If I had to fight a D weapon in 40k I would wonder where my opponent got the rules, as only apocalypse can use D weapons, and any FW unit with D weapons is only covered by apocalypse rules.

In that case your opponent is plain cheating, that's nothing to do with FW

If your opponent was using super heavies in 40k that's fine....so long as they are using the 40k version of the rules not the apocalypse version, like with the baneblade, but that is rubbish in basic 40k, but fun


----------



## TheKingElessar (Mar 31, 2009)

Pssyche said:


> I couldn't agree with Calamari more about the "I've no access to those rules" being a lame excuse.


Nonsense. A number of those IA books, possibly all of them in fact, are limited print runs, and only available for a limited time. Not all of the rules are available on the website, and it is entirely conceivable that someone, particularly players new to the game, will not have had ANY opportunity to pick up the rules for your units, and to know them. With that being the case, the POSSIBILITY of players cheating and making shit up is huge.

Doesn't even matter if you could somehow prove it had literally never happened in the history of the world - the fact remains that the opportunity is there, and mostly it would be easy for players to do. Those of us that don't own IA books don't have time to sit for half an hour, checking that your stuff is legal. Speaking of...


> "It's a game and everyone gets to define the parameters of what will make that game fun for them."
> 
> I don't think it's right or fair for somebody to object to playing against an army because a bog standard tank has got a slightly different turret weapon (Falcon/Warphunter), when they aren't bothering to follow the rules themselves regarding providing an army list or adhering to points limits.
> 
> I don't have the time to write my opponent's army list for them and then points cost it because they're too lazy or too cheating to do it for themselves.

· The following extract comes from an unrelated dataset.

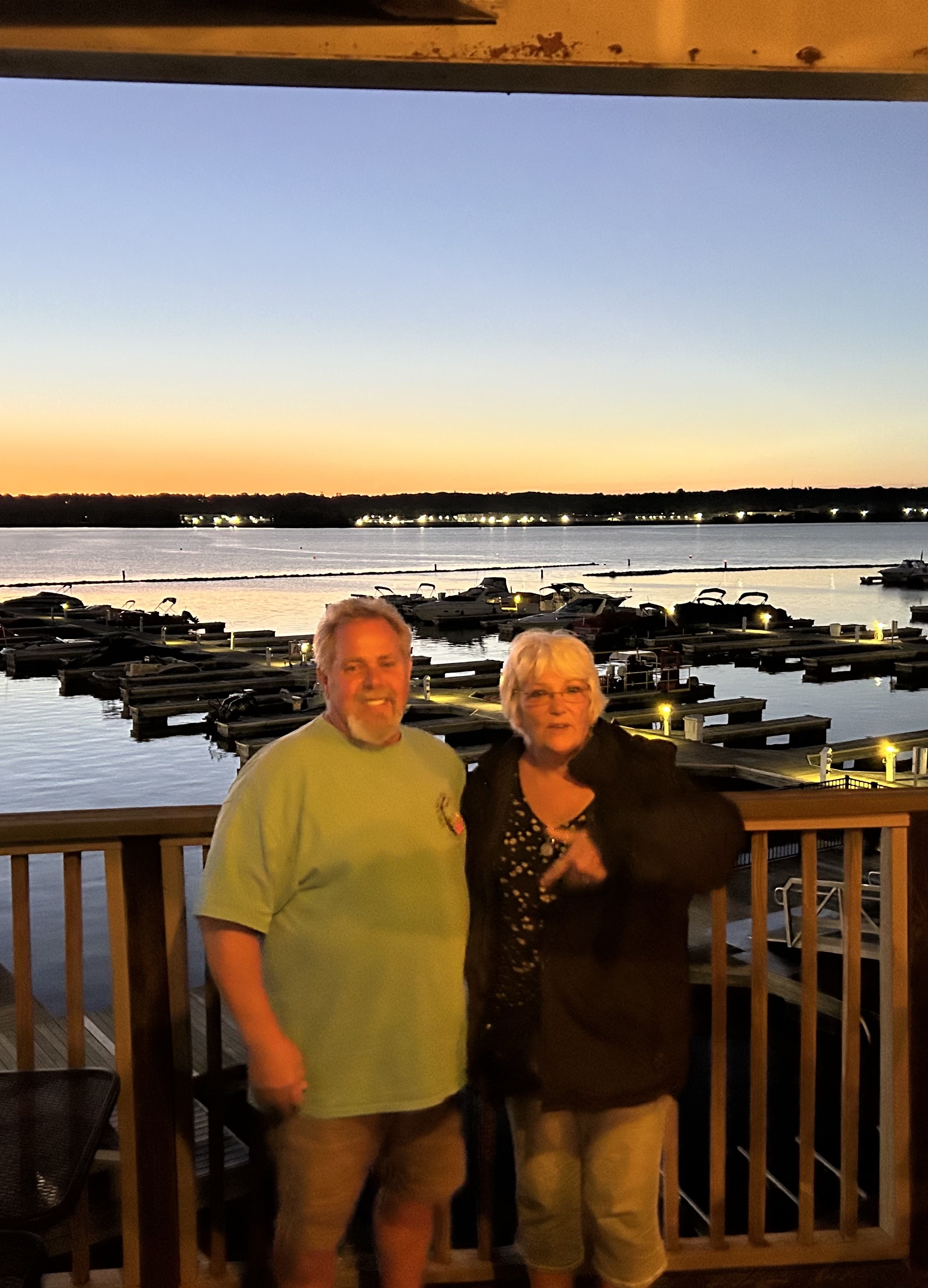 Dan & Sue - Wake crossing party - East Port Marina - East Peoria IL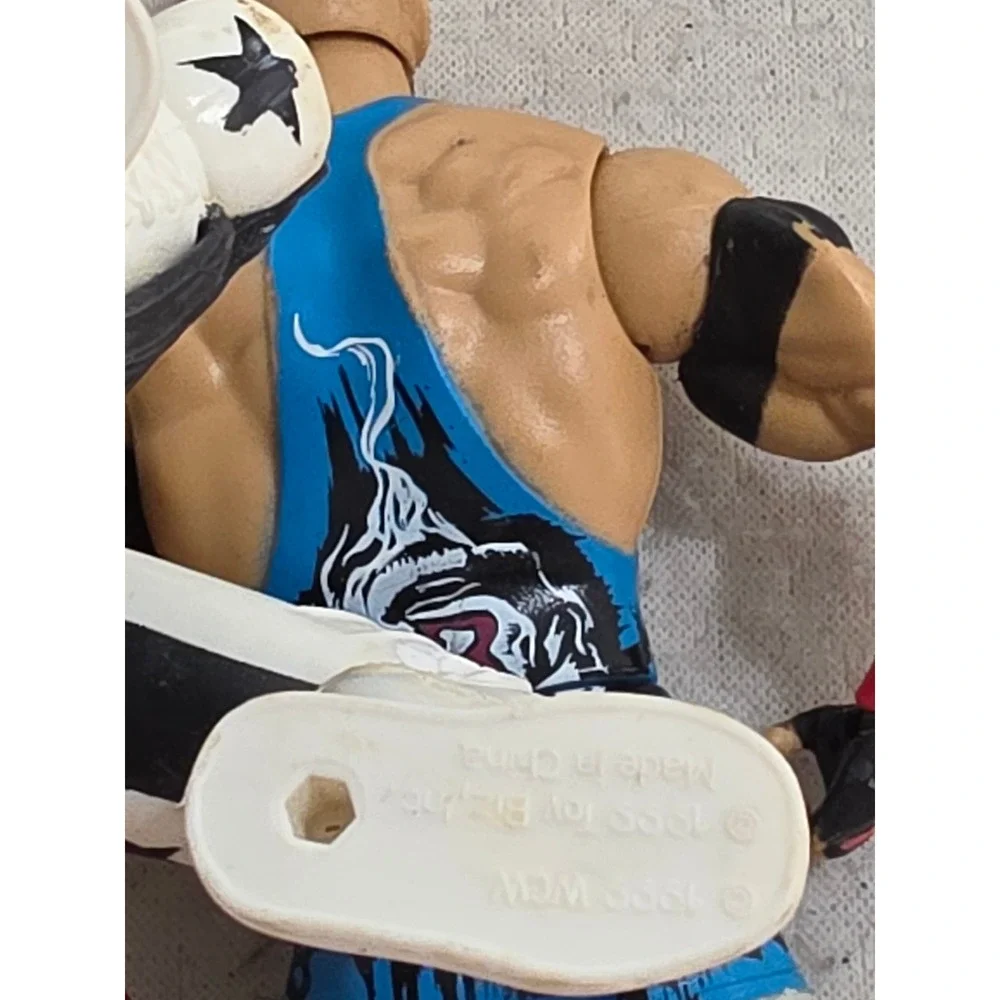 WWE WCW Action Figure Lot Randy Orton Ryback Macho Man Zeus Mattel Toy Biz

Fair? Perhaps not, no - but if you don't have time to write my army list, I sure as hell don't have time to go through a book I'm unfamiliar with to figure out yours. I agree with you in part - people who can't present me with a list, particularly before my models leave my case, are jerkwads and should be avoided if possible...but a Warphunter doesn't have a SLIGHTLY different turret, it has a GOOD turret, and it is ALWAYS within the power of players to refuse a game, or else it wouldn't really be a Hobby anymore, would it?



Sethis said:


> I disagree that there are "Overpowered" units in any 5th Edition codex. There are "Good" units and sometimes "Very good" units, but if there was such a thing as "Overpowered" then every single tournament player would bring the same codex with the same list, with as many of those units as possible. Sure, some units are better than others - I'd rather buy 15 Long Fangs than 20 Blood Claws, for example - but there is nothing in 40k that says "You automatically lose if I field this unit" or "If you take this army you must take this unit or lose every game".
> 
> On the other hand if you play a normal mechanised army and find yourself sitting opposite a Strength D weapon that ignores cover saves and automatically causes an AP1 penetrate on any vehicle touched by the large blast template regardless of where the hole is... You're pretty royally fucked. Especially since you cannot shake superheavies, you need to kill them at least twice over, and any weapon destroyed result gets a 4+ save on the main gun... I'd call that OP.
> 
> If FW rules were written by the same people who write codices and the main 40k rulebook, and were balanced accordingly, then sure, remove the restrictions on opponents permission. But so long as the FW rules seem to be written by monkeys on crack (both in terms of making stupidly bad and also stupidly good units) then I reserve the right to not play with them, because frankly it's not fun.


^ This. Specifically


> If FW rules were written by the same people who write codices and the main 40k rulebook, and were balanced accordingly, then sure, remove the restrictions on opponents permission. But so long as the FW rules seem to be written by monkeys on crack (both in terms of making stupidly bad and also stupidly good units) then I reserve the right to not play with them, because frankly it's not fun.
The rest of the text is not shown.